_PROVIDED DATA_
- - - -

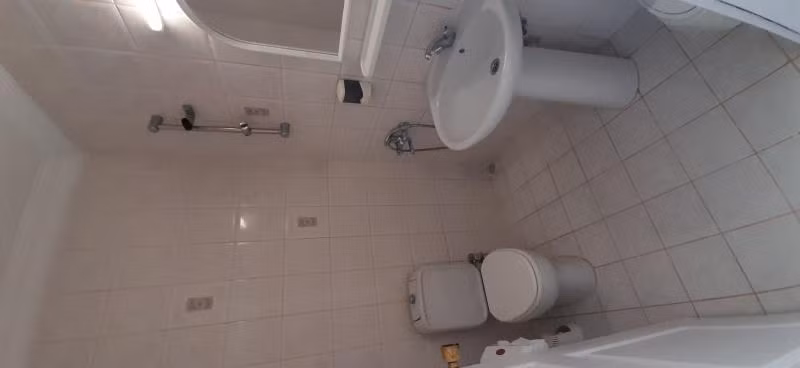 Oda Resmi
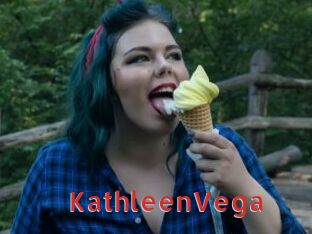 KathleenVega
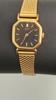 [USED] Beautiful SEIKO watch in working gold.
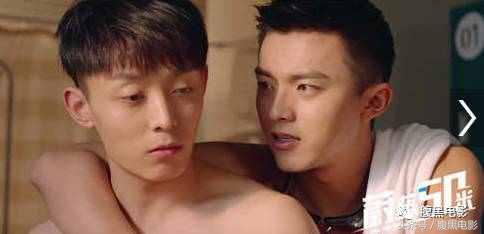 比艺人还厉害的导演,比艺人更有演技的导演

- - - -

_WHAT THIS TASK INVOLVES_
Word-for-word transcription: the whole listing, with images excluded.

_OUTPUT BELOW_
 Oda Resmi
 KathleenVega
 [USED] Beautiful SEIKO watch in working gold.
 比艺人还厉害的导演,比艺人更有演技的导演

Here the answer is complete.